*INFORMATION*
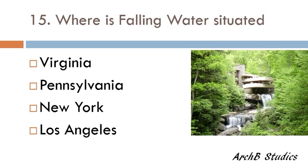Where is Fallingwater situated — Virginia, Pennsylvania, New York, or Los Angeles? The correct answer is Pennsylvania.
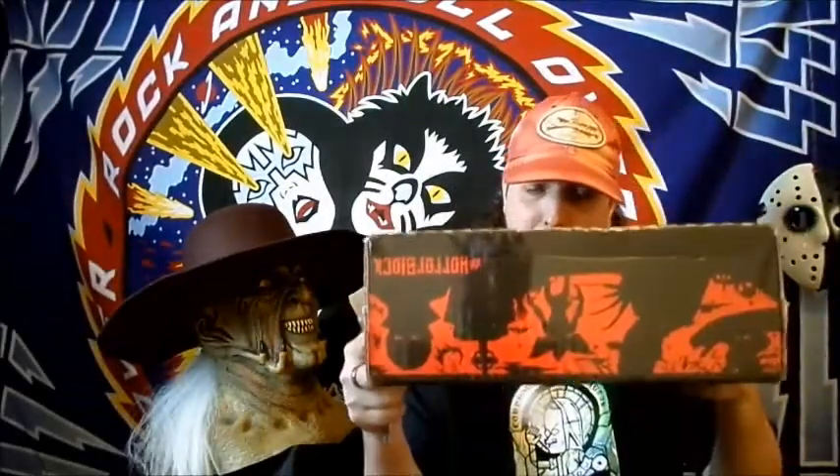Hey, what's going on you guys, it's on1414 here and today I received my Horror Block. This is for February 2017 — even though we're into March, this is March 1st, it's still kind of early for me. So I'm just gonna get this thing open and see what we got this month.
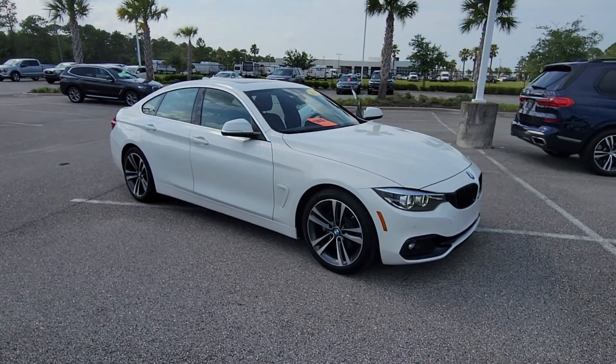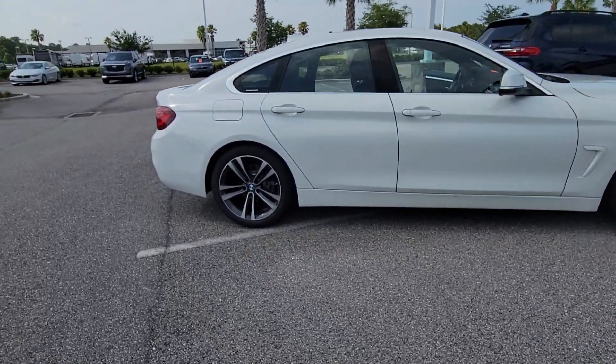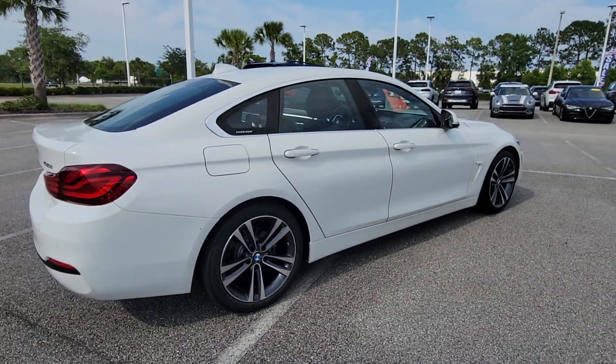Picture yourself in the 2020 BMW 4 Series. With less than 20,000 miles on the odometer, this vehicle stands out from the rest. Take your passion for performance and style on the road in this impeccably designed 4 Series.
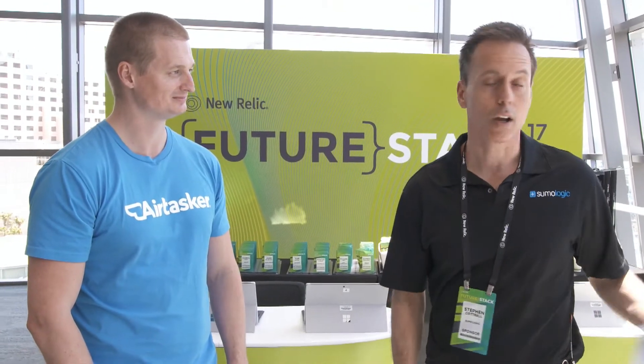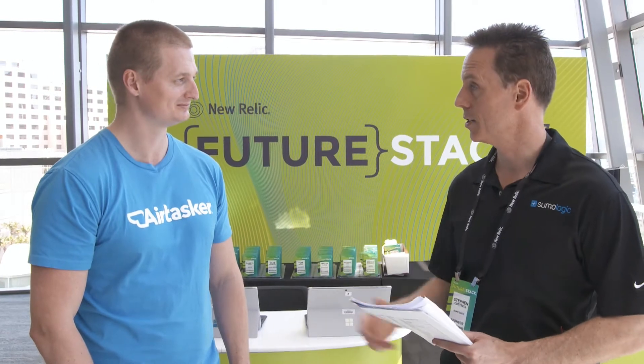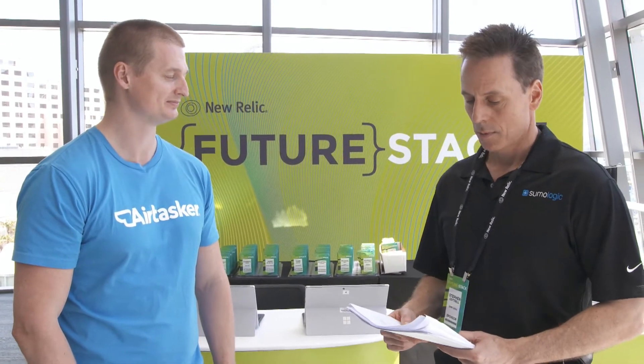Hi, it's Stephen Cottrell here with Sumo Logic. I'm Vice President of Asia Pacific, here today with Paul Keane, CTO for Airtasker. We're at the FutureStack event in Sydney, at beautiful Darling Harbour. I wanted to ask Paul a few questions as a Sumo Logic and New Relic customer. Paul, tell us a little bit about Airtasker itself.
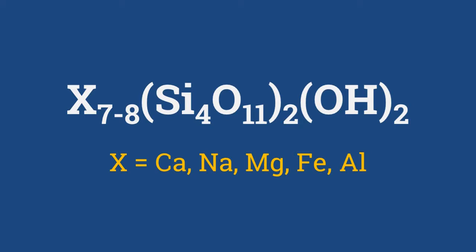X may be calcium, sodium, magnesium, iron, or aluminium. Also, silicon in some of the tetrahedra may be replaced by aluminium.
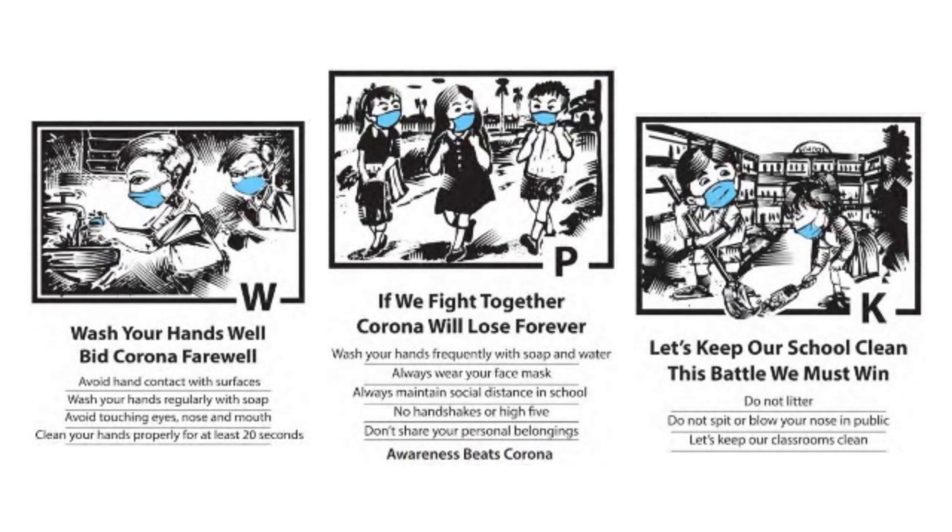Students will be having their lunch in their classrooms and will not share their food or water with their friends or anyone else. The staircases and corridors will have one-way systems and social distancing measures will be in place.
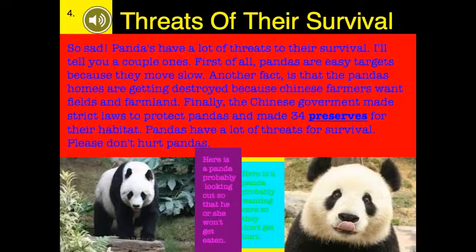Pandas have a lot of threats to their survival. First of all, pandas are easy targets because they move slowly. Another fact is that pandas' homes are getting destroyed because Chinese farmers clear fields and farmland. Finally, the Chinese government made strict laws to protect pandas and made 34 preserves for their habitat. Pandas have a lot of threats to survival.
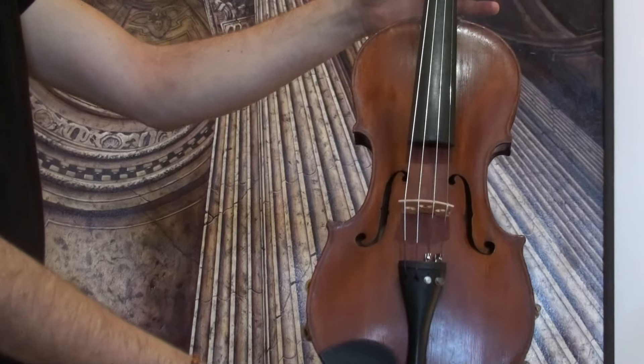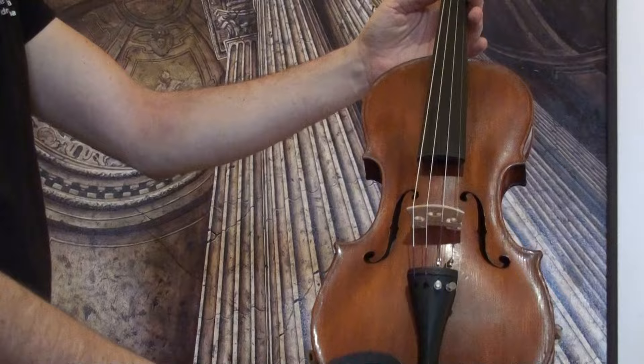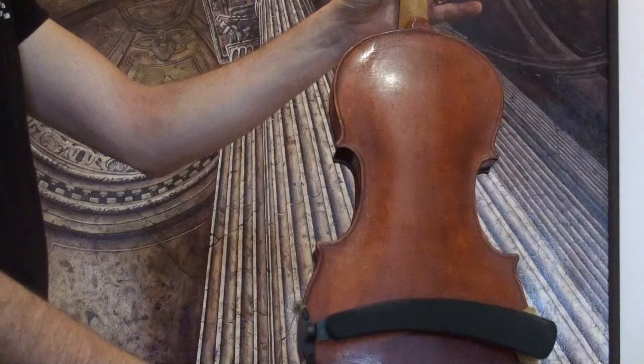Beautiful antique German violin labeled Georg Klotz. We would estimate the age around the second half of the 1800s. The violin shows a one-piece maple back and a medium to fine grain spruce top.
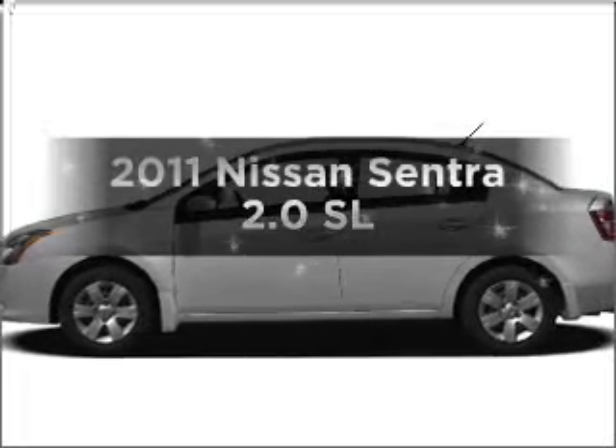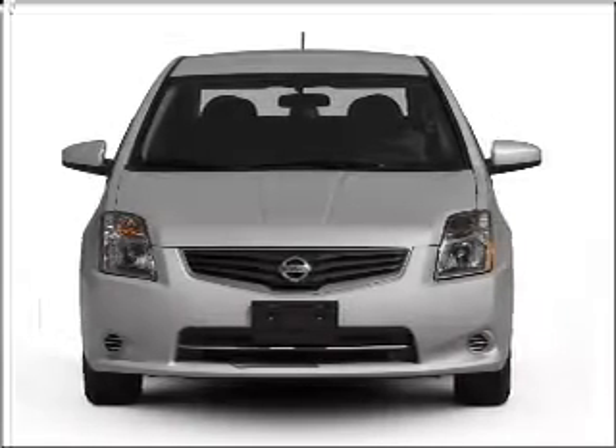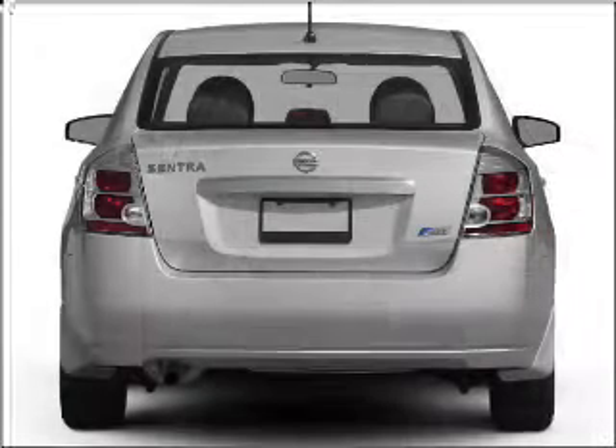Introducing the 2011 Nissan Sentra — travel the roads in style and comfort in this great vehicle. With an efficient 4-cylinder engine connected to a smooth-shifting automatic transmission.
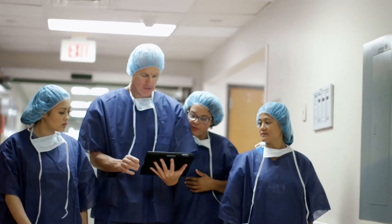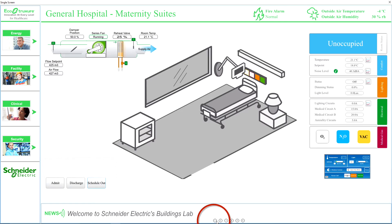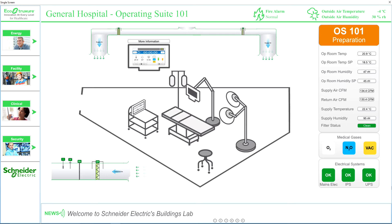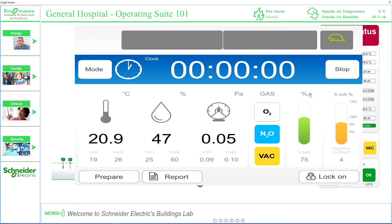Meanwhile, the surgical team schedules operating suite 101 for Mrs. Chan's C-section. The room now changes to a preparation mode. During this mode, the BMS checks to ensure the OR is safe to use. The electrical and medical gas systems are checked, as well as the ventilation and environmental conditions to make sure they are working correctly. Once the safety checks have been carried out, the OR is now classified as occupied.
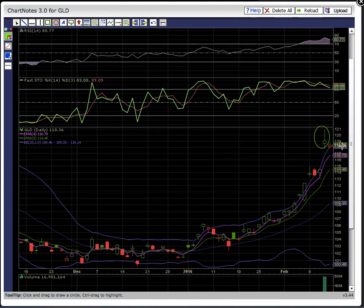Be looking for EMA4 at 116.70 as the first support level on a pullback. If you do see the share price pulling back, keep in mind there's this giant gap between high of day on Wednesday and low of day on Thursday — so this gap may fill.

*PROBLEM STATEMENT*
Every line from the one containing "Meanwhile, the surgical" to the end of the material above is to be returned exactly, with the pictures left out.

*WORKED SOLUTION*
Meanwhile, the surgical team schedules operating suite 101 for Mrs. Chan's C-section. The room now changes to a preparation mode. During this mode, the BMS checks to ensure the OR is safe to use. The electrical and medical gas systems are checked, as well as the ventilation and environmental conditions to make sure they are working correctly. Once the safety checks have been carried out, the OR is now classified as occupied.
Be looking for EMA4 at 116.70 as the first support level on a pullback. If you do see the share price pulling back, keep in mind there's this giant gap between high of day on Wednesday and low of day on Thursday — so this gap may fill.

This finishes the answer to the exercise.